(Work required) Could every line of the listing be output exactly, with the pictures skipped?

(Dataset extract)

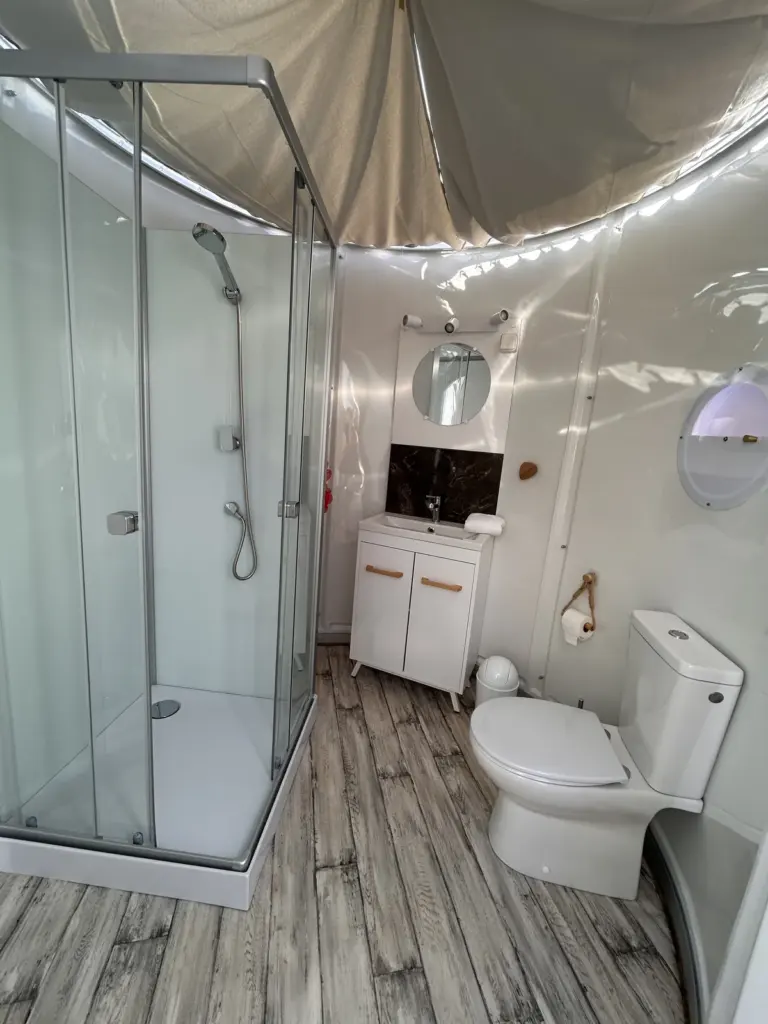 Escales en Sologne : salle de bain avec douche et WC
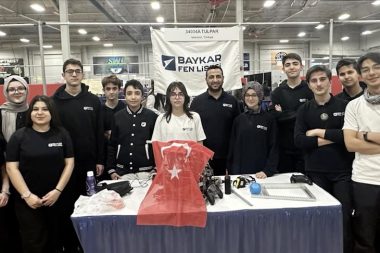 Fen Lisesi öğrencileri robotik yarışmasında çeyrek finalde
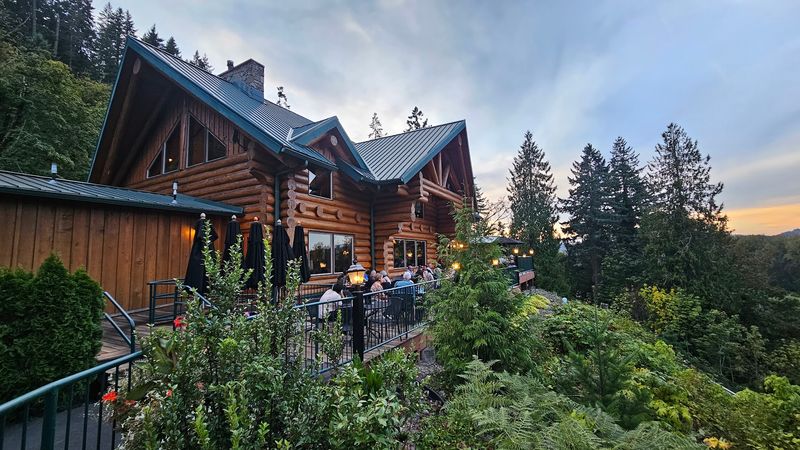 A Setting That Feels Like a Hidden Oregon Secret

(Result for this exercise)
 Escales en Sologne : salle de bain avec douche et WC
 Fen Lisesi öğrencileri robotik yarışmasında çeyrek finalde
 A Setting That Feels Like a Hidden Oregon Secret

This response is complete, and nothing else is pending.